Core Inflation Crosses 4% — When Price Pressure Becomes Embedded
S&P 500 returns after core CPI exceeds 4% year over year
Core CPI strips food and energy out of the inflation basket, leaving the slower-moving prices — rents, services, wages passed through to consumers — that reveal whether inflation has become embedded in the economy. When core inflation crosses 4% year over year, it is far harder for policymakers to dismiss the pressure as temporary, and it typically forces a sustained monetary response. This chart tracks how equities performed after each such crossing.
| Date | 1M return | 1Y return | 5Y return |
|---|---|---|---|
| 1968-02-01 | -5.2% | +6.3% | +23.7% |
| 1973-10-01 | +1.0% | -41.3% | -5.2% |
| 1983-11-01 | +1.7% | +1.9% | +71.9% |
| 1985-10-01 | +2.7% | +25.0% | +66.6% |
| 1987-05-01 | +0.1% | -9.3% | +42.0% |
| 2021-06-01 | +2.3% | -1.7% | — |
What history says
Editorial commentary written by ALAN analysts.

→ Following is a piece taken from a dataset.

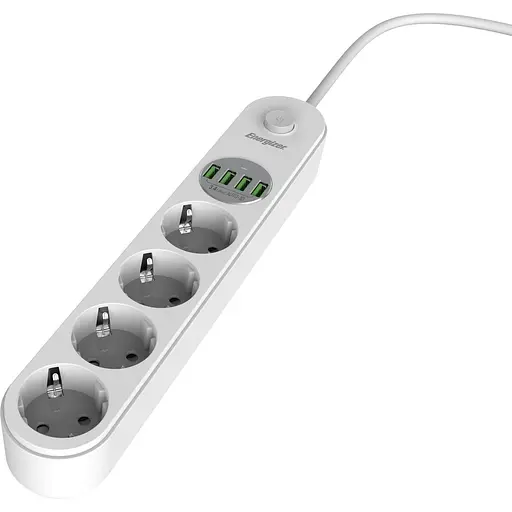 Мережевий фільтр Power filtr 2.0м 4 розетки, 4xUSB 3.4A, з заземленням білий (EPB2500W00EU) - фото 2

Figures cited below are analyst-authored context — they are not derived from the chart above and may reflect different windows or sources.
Headline inflation swings with oil and grocery prices, which central banks largely ignore. When the sticky components push core above 4%, the case for aggressive and persistent tightening strengthens materially.
Persistent inflation pushes up the interest rates used to value future corporate earnings. Long-duration assets — companies whose profits sit far in the future — are the most exposed to that repricing.
Embedded inflation historically takes an extended campaign of tight policy to unwind. The relevant question for portfolios is not the month of the crossing, but how positioning holds up across the whole regime that follows.
When core inflation crosses this threshold, review the portfolio's sensitivity to rising rates — long-duration growth positions and long-maturity bonds carry the most repricing risk in an embedded-inflation regime. Consider checking whether fixed-income maturities and equity factor tilts still match the assumptions they were set under, and rebalance where the gap has widened.